I don’t know about you but I am a little sick and tired of buying into various “miracle products” that promise…well miracles, and then finding out that maybe theses guys “slightly overstretched” the truth.
Such is my frustration over POM Wonderful, the self-described “wonder” drink derived from the juice of pomegranates. The makers of this drink sold in hourglass shaped bottles promise among other things, to reduce the risk of heart disease, prostate cancer and reduce impotence.
The FTC has charged POM Wonderful with making “false and unsubstantiated claims about the power of the pomegranate elixir”. The commission further added that “the company (POM) ignored evidence that contradicted its claims that the juice could help prevent or treat heart disease, reduce the risk of prostate cancer and overcome erectile dysfunction”.
Is nothing sacred???
How do these guys get away with their promises of “virileness” and better prostrate health?
Is it simply because nobody actually had the “balls” (excuse the pun) to question such sensitive and personal issue? Your “erectile” function or dysfunction is your own business, thank you very much. If POM Wonderful says it can help you “down there”, then who am I to question?
Maybe it’s because Pomegranates are relatively scarce and exotic to the American palate. When was the last time you ate or even saw anybody who ate a Pomegranate?
I have tried pomegranates before and I can assure you that they are quite challenging to eat. First, you need to crack open the fruit, a task easier said than done, as the outside of the fruit is hard and solid.
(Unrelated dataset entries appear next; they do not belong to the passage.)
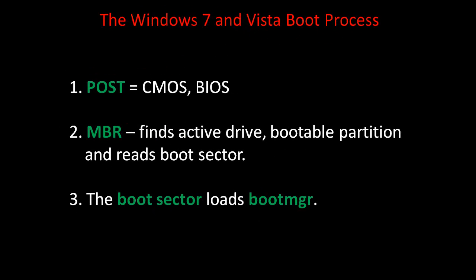In the Windows 7 and Vista boot process, the first thing that happens is the power on self-test, or the CMOS and BIOS settings. The second thing that happens is the master boot record, or MBR, is accessed.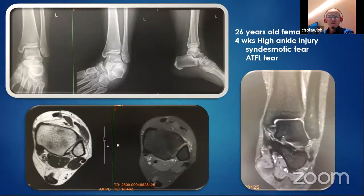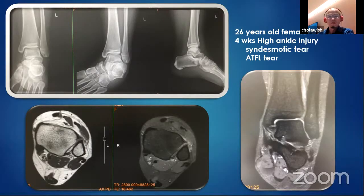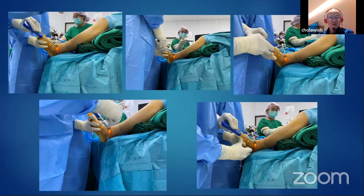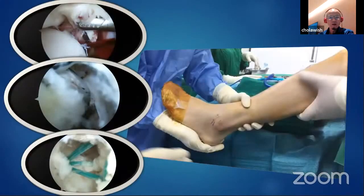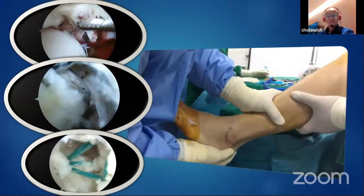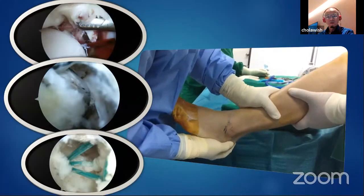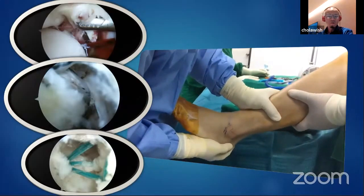Another case: a 26-year-old female with four weeks of high ankle injury. We documented a syndesmotic tear and also ATFL tear. We decided to perform arthroscopic syndesmotic repair and arthroscopic modified Brostrom. The results show the ankle is quite stable.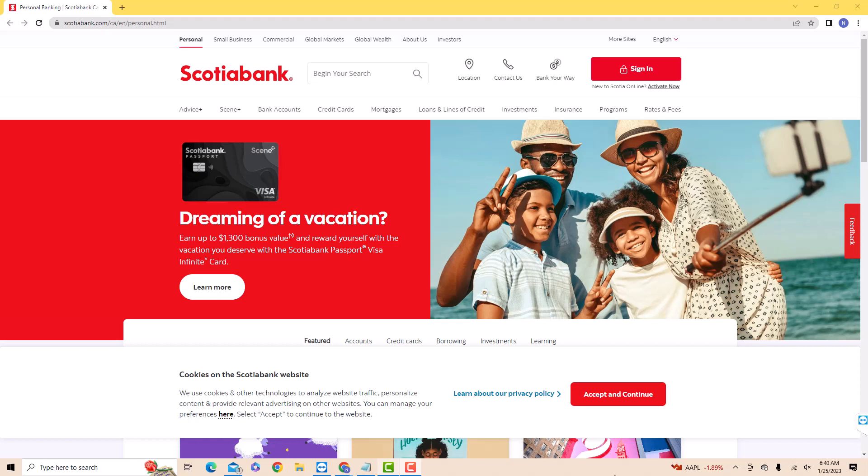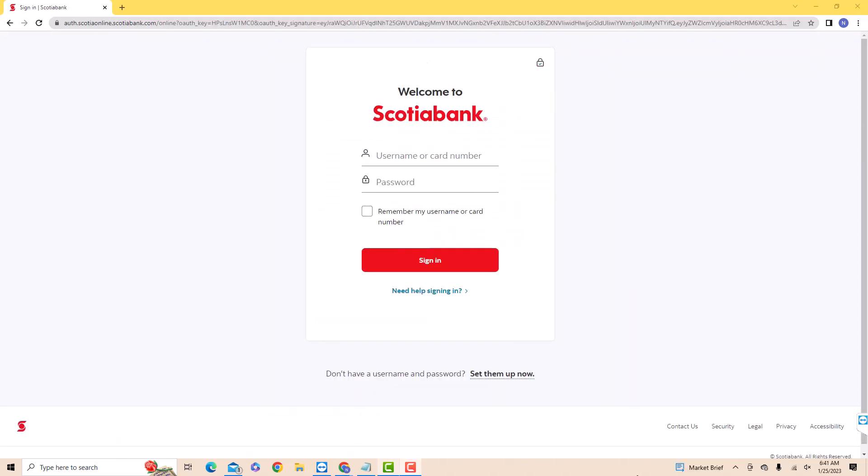Open the website, then click sign in. To sign in, enter your username or card number. Then enter your password.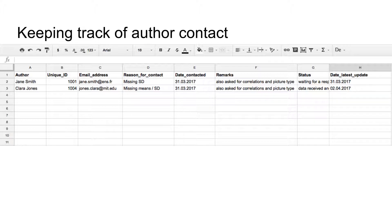An important note on contacting authors: before you go ahead and write emails, remember that you are asking them for a favor and you should be very polite. Fingers crossed for speedy responses.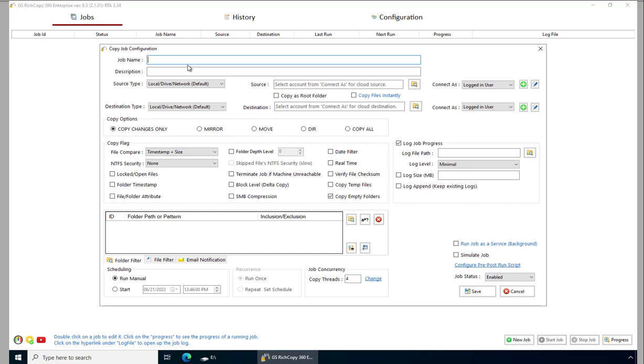Now we'll just give the job a name: Copy last two days from share one. This is just a name of the job.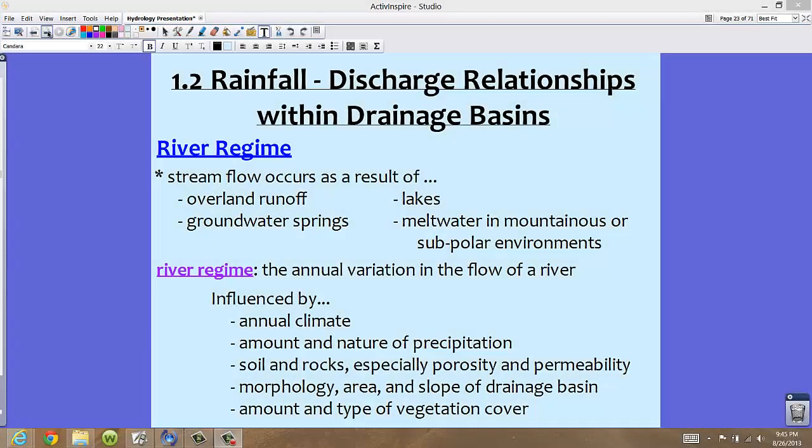Let's take a look at section 1.2, which is titled Rainfall Discharge Relationships Within Drainage Basins. We have discussed already the hydrological cycle, the water cycle. So let's talk a little bit about how discharge will affect the drainage basin and what that relationship looks like.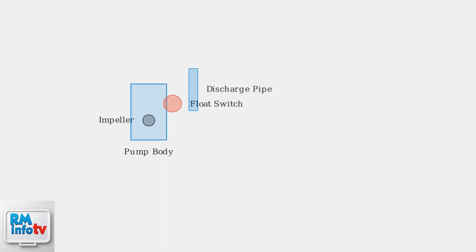If resetting or power cycling doesn't solve your sump pump problem, it's time for more detailed troubleshooting.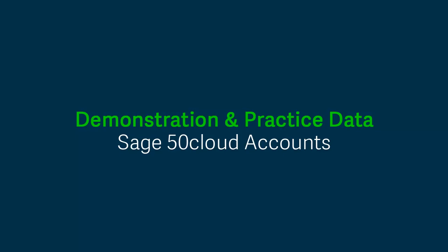Sage Accounts includes demonstration and practice data options that you can use to help you learn and experiment with the software so that you can see how features work without affecting your live data. The two options are very similar and we'll quickly access both options so that you can see the differences.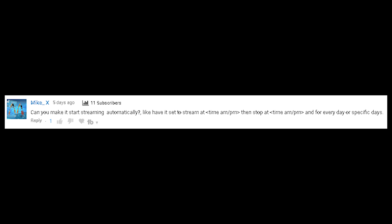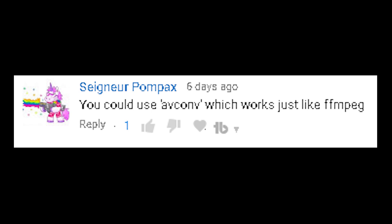Can you make it start streaming automatically? Like have it set to stream at a certain time and stop at a certain time for every day or specific days? I'm pretty sure that's something you could do, but you'll just have to mess around with different scripts and methods until you find what works best for you. One method might be to write a little streaming script in Bash and then create a cron job that launches that script at specific times. You could use AVconv, which works just like FFmpeg.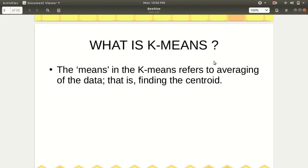In k-means, k indicates how many clusters we want, and 'means' indicates the averaging of data. If you're from a mathematics or statistics background, you know the meaning of mean. In this case, we need to find the average of data, which is finding the centroid. Like in lower-level math classes, we calculate the centroid of a triangle using the formula (X1+X2+X3)/3. There are multiple ways to get the mean, such as Euclidean distance or cosine distance formula, which we'll discuss in upcoming slides.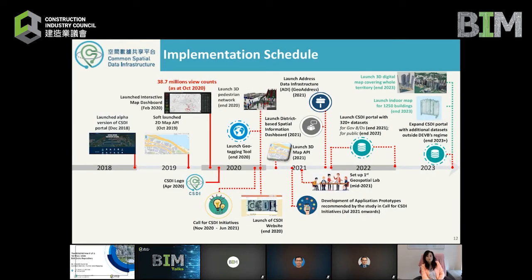Here is the full implementation schedule of the CSDI. Earlier this year we launched the interactive map dashboard for COVID-19, which is a successful showcase of a spatial information dashboard. We have trademarked a CSDI logo and will launch a CSDI website soon. We target to launch the portal with at least 320 data sets for government and public use by the end of 2021 and 2022 respectively, and the 3D digital map covering the whole territory will be launched in phases by 2023.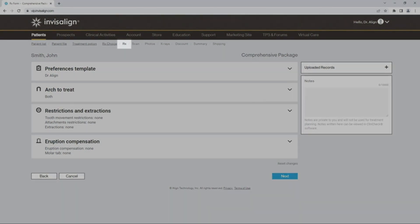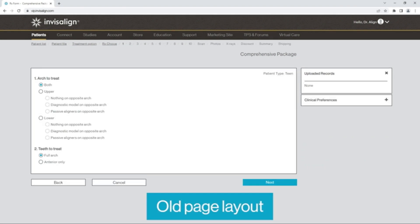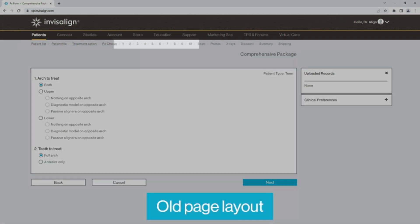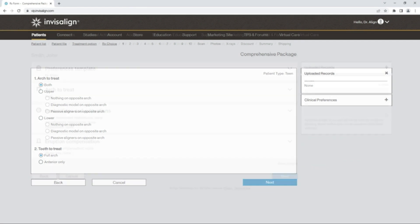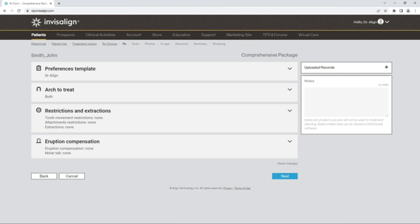The FlexRx form dramatically reduces the steps required for case submission from ten pages to one, gives you more flexibility while treatment planning, and helps you receive consistent, reliable ClinCheck setups when using Preferences template. Let's get started!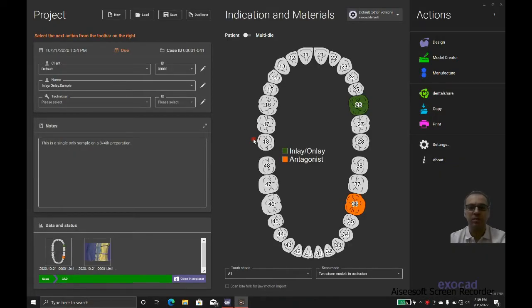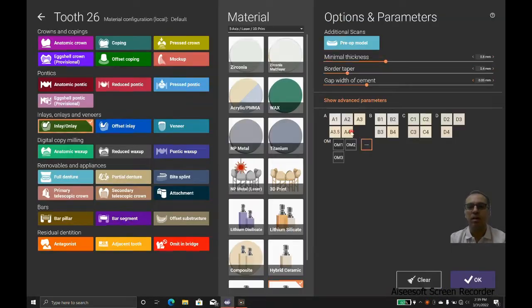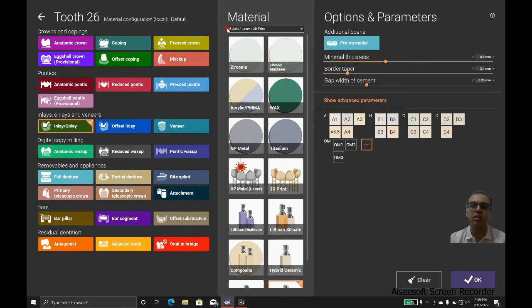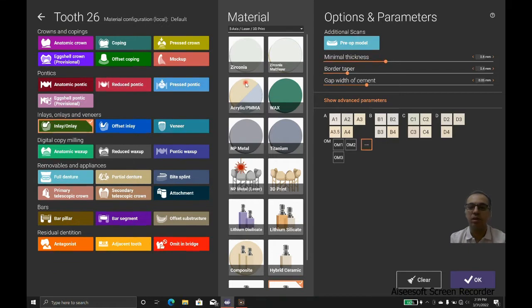Hello everyone. Today we are going to talk about an onlay case. In this case, we are going to mill with Sirona inLab M6O, which is a four-axis machine for inlays and onlays, and we want to use IPS e.max CAD.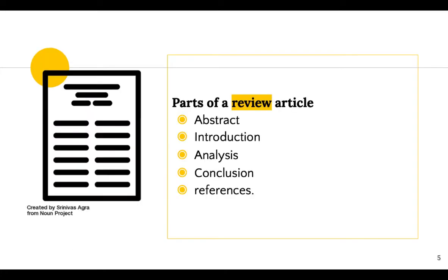You can identify a secondary article in the scholarly literature when there is an abstract, introduction, analysis, conclusion, and references.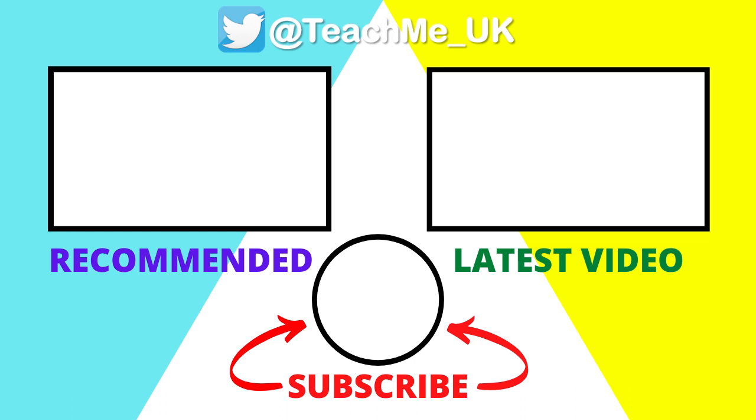If you have found this video helpful, please give it a like, subscribe to the TeachMe channel, and click on the notification bell so you know when more useful videos are released to help enhance your teaching and learning.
Once you finally get it open, you are confronted with hundreds of little hard seeds stuck to the membrane and peel of the fruit. These seeds are covered in a reddish watery membranes called “arils”. Prying these suckers off is no easy task. Some suggest to remove the arils in a bowl of water as the arils sink and the pulp floats. Another suggestion is to freeze the fruit first, as separation of the arils from the peel becomes a little easier. The entire seed, arils and all, can be consumed raw, however many people (myself included) just suck off the reddish flesh around the seed and spit the interior hard part out.
The taste? Well, its slightly sweet but more tart and sour. Kind of like a cross between a very small boysenberry and a lemon pit. And don’t even get me started about how the juice of the arils tends to stain your fingers. Bottom line – it’s a pain in the rear to eat this “wonder fruit” and in my lowly opinion, not worth the hassle. That is why I was excited when POM Wonderful came out and took the labor out of eating this fruit. All I had to do was buy it and drink it. No more stained fingers!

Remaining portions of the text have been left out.